I’ve known Jimmy Butts for several years and have read and enjoyed some of his house-name Westerns, but I’d never read one of the novels under his own name until now. The subtitle of HELL TO PAY is “The Life and Violent Times of Eli Gault”, and that’s a pretty good description of the book. It’s a first-person account of a Texas badman, the son of a crazed itinerant preacher who winds up killing his father in self-defense. Eli doesn’t necessarily set out to become an outlaw and a murderer, but circumstances continue forcing him in that direction.
Then he meets up with a gunfighter named Cutter Sharpe, who becomes a sort of surrogate father to him, teaching him how to handle a gun (for which Eli has a natural talent) and also how to play poker, which becomes Eli’s principal means of support.

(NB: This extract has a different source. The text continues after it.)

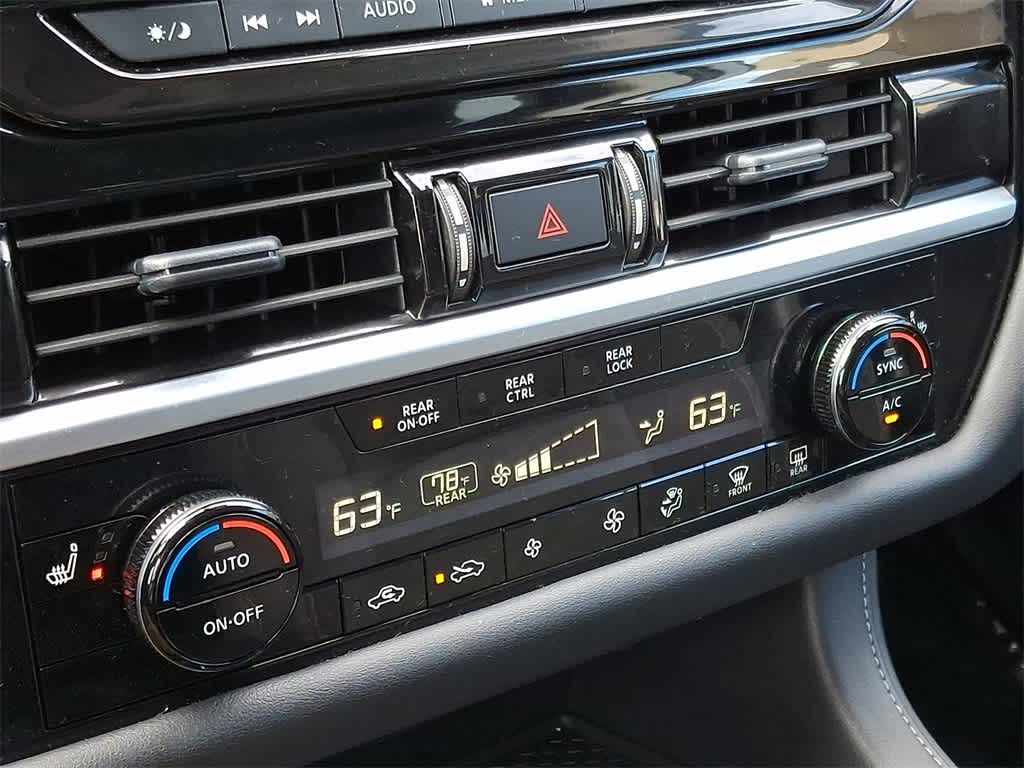 2025 Nissan Pathfinder SV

Eventually Eli and Sharpe go their separate ways, and Eli continues drifting. He even tries to settle down and lead a law-abiding life at times, going so far as to become a deputy marshal at one point, as well as joining a cattle drive to the railhead in Kansas, but sooner or later trouble crops up again and Eli’s natural tendency is to shoot his way out of it.
Butts really delivers the goods in this novel: colorful characters, headlong narrative drive, and plenty of gritty action, all told in a stripped down, distinctive style that reminded me of the hardboiled crime writer Paul Cain (FAST ONE, SEVEN SLAYERS). Eli Gault is a great character, reminiscent of Jim Thompson’s Lou Ford. He’s as friendly and likable as he can be, until it comes time for him to gun down somebody else in cold blood. His story builds up to a powerful ending, and after finishing it, I can say definitely that I’ll be reading more by J. Lee Butts. If you enjoy hardboiled Westerns, HELL TO PAY comes highly recommended by me.